Mechanical engineers at Rice University’s George R. Brown School of Engineering are trying the concept on for size with a set of textile-based pneumatic computers capable of digital logic, onboard memory and user interaction.

The lab’s “fluidic digital logic” takes advantage of how air flows through a series of “kinked” channels to form bits, the 1s and 0s in computer memories.

The idea is to have such textile-based logic gates support pneumatic actuators, potentially in conjunction with an energy harvesting system developed by the Preston lab, to help people with functional limitations with their day-to-day tasks.

The research backed by a recent National Science Foundation CAREER Award appears in the Proceedings of the National Academy of Sciences.

Preston said the lab’s logic-enabled textiles can be mass produced using existing clothes-manufacturing processes and are resilient enough to withstand everyday use. The researchers claimed the embedded gates are both comfortable and tough enough to drive a truck over without damaging them. (And they proved it.)

“The idea of using fluids to construct digital logic circuits is not new,” he said. “And in fact, in the last decade, people have been moving towards implementing fluidic logic in soft materials, things like elastomers. But so far, no one had taken the step to implement it in sheet-based materials, a feat which required redesigning the entire approach from first principles.”

The lab tested its logic on devices that assist users with physical motion and a system to raise and lower a hood with the push of a button, no electricity involved, for thermoregulation.

“We think there’s a host of ways this can be implemented to help people go about their daily activities,” Preston said. “One of the next areas we’re looking into is sensing intent. As soon as the wearer initiates a course of action, we can then offer assistance for the remainder of that action.

“For example, you might start to grasp an object and if the system senses your intent, it will give you some assistance in closing your hand around that object so you can lift it up,” he said.

At the center of the concept sits a “NOT” gate, a basic component of computer circuitry also known as an inverter.

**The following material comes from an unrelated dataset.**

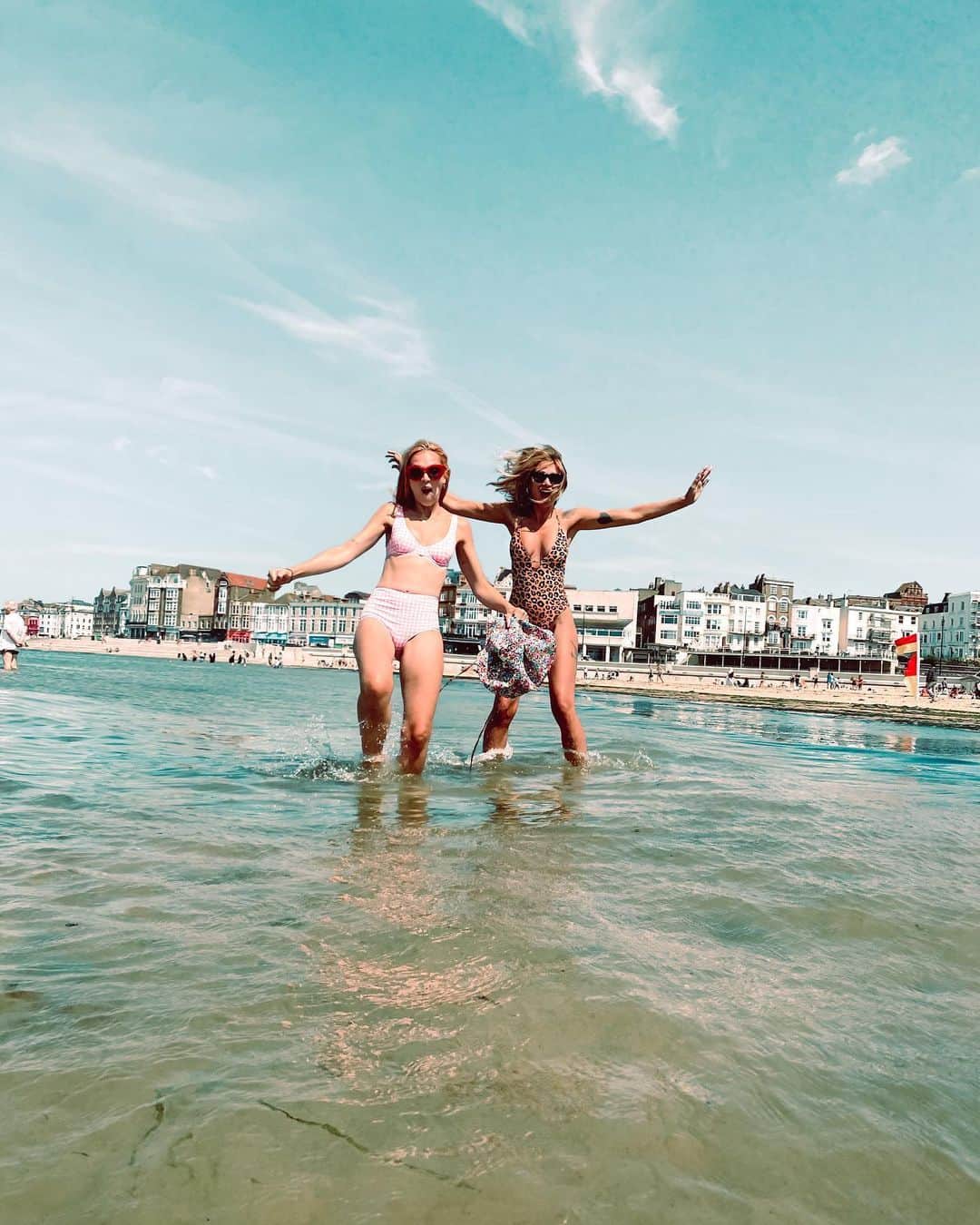 ルー・ティーズデールのインスタグラム：「Margate Del Sol 🐬」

This logic gate’s output is the inverse (or opposite) of the input. In an electronic circuit, the gate is on or off (1 or 0), but the pneumatic gate replaces those terms with “high” or “low” air pressure.

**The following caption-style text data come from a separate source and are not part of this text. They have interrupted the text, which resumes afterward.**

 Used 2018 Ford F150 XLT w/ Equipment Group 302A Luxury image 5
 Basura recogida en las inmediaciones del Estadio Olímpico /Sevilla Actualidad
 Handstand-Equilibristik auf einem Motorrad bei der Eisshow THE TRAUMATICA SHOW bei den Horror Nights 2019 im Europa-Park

“We think of the logic element as, at its most fundamental level, containing both a relay and a fluidic resistor,” said Anoop Rajappan, a Rice postdoctoral fellow and lead author of the paper. “These would be equivalent to having an electronic relay or transistor paired with the resistor, which is the foundation of typical transistor-resistor logic.”

The pneumatic system depends on a concept Preston describes as a mathematically designed kink geometry, implemented in pressure-controllable valves that cut the flow of air the same way a bent garden hose stops water.

The valves, each about a square inch in size, are laminated into the textiles and have proved robust enough to handle 20,000 on-off cycles and 1 million flex cycles, as well as 20 cycles in a standard household washing machine.

Preston noted the research team includes Stanford University postdoctoral fellow Vanessa Sanchez, a fashion designer-turned-engineer who gained chops with training from the Fashion Institute of Technology in New York City and a subsequent Ph.D. in mechanical engineering and materials science from Harvard University and its Wyss Institute.

Co-authors of the paper are Rice graduate students Barclay Jumet, Zhen Liu and Faye Yap, alumna Rachel Shveda and undergraduate Colter Decker.

The National Science Foundation (CMMI-2144809, 2138020, 1842494) supported the research.